Thanks for all the suggestions.  Boston Public Library is a great
resource that remains free.  Saturday afternoon I was at the shelf
containing TK9965, but none of the three books by Forrest Mimms was
there despite the claims of the web site.  There was a book on the 556
timer, like the 555 but with two timing circuits.  There appeared to
be an appropriate circuit: a cyclic 4-stage sequential timer.  Off to
Radio Shack I went.

The Shacks of today often do not have people who understand digital
circuits.  There is too much turnover, the staff is young, often
foreign born.  One store had no one who wanted to fish through their
standardized bins for parts.  Another did have a guy who knew his
bins. Forty-seven dollars latter, I had a breadboard, 4 555 timers, 4
50 uF capacitors, LEDs, and a hundred resistors.
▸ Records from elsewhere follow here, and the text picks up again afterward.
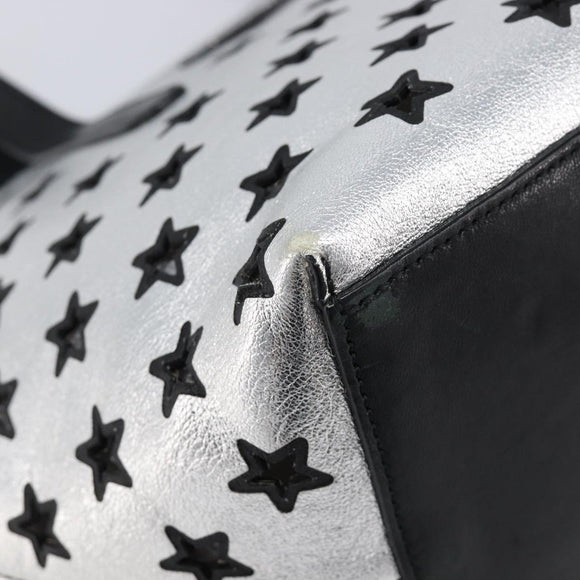 Jimmy Choo Tote Bag Leather Silver Auth 215396A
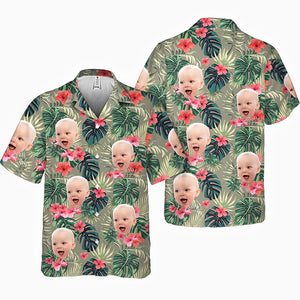 T-shirt hawaïen unisexe personnalisé avec photo de fleurs et feuilles tropicales colorées - Cadeau idéal pour les vacances d'été et la famille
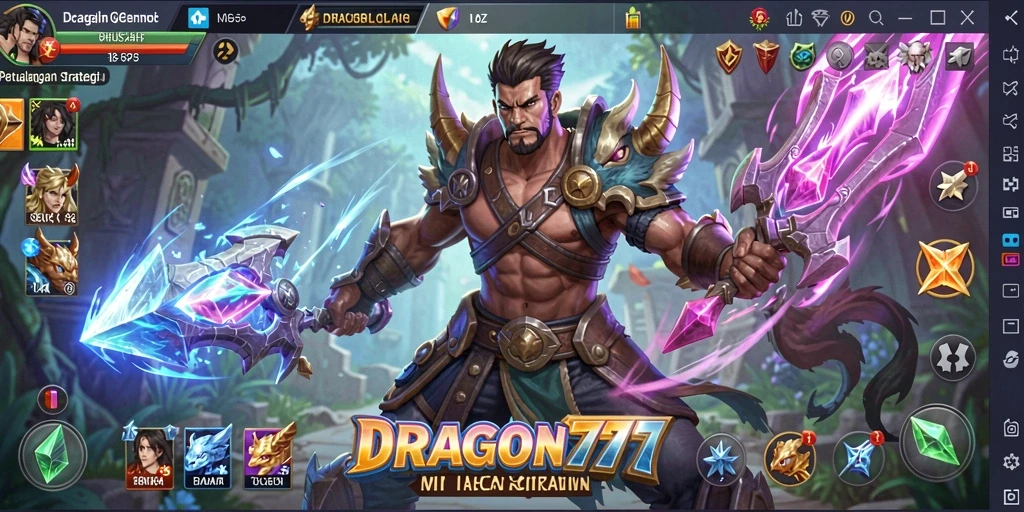 Tangkapan layar menampilkan pertempuran strategi yang intens di DRAGON777.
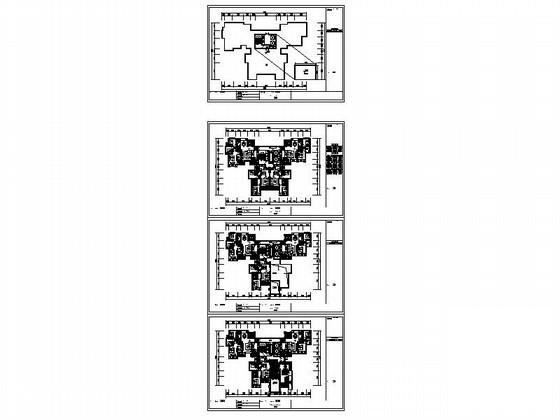 高层一梯四住宅楼户型平面图纸（80、100、120平方米） - 3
There was a digital circuit class at Harvard Extension School that
looked interesting to me.  I bought the tool box filled with EE tools,
but never took the class.  That lack of real experience showed on
Saturday night.  I was unable to construct a working version of the
timing circuit.  I made all kinds of errors, like only orienting one
of the four chips correctly.  Sunday morning I just wanted to build
one blinking light every 5 seconds.  Using two 555 chips, one as the
cyclic signal source, the other to turn on only briefly, I was able to
get one of the lights going.  

What I can do once, I could repeat.  Two identical circuits where
sitting on the same board.  When I supplied the power, one always
blinked first, followed shortly by the next.  Perfect.  Actually it
turned out to be near perfect, since as someone pointed out, there is
drift.  I used standard 5% tolerance parts.  If I bought more
expensive lower tolerance parts, I would think the drift would go
down, but don't know by how much.

I hope to shoot the video on Thursday. Over the weekend I'll be taking
a video class at Cambridge Center for Adult Ed.  If/when I get a still
from that, I'll capture a few stills and forward a URL to the group.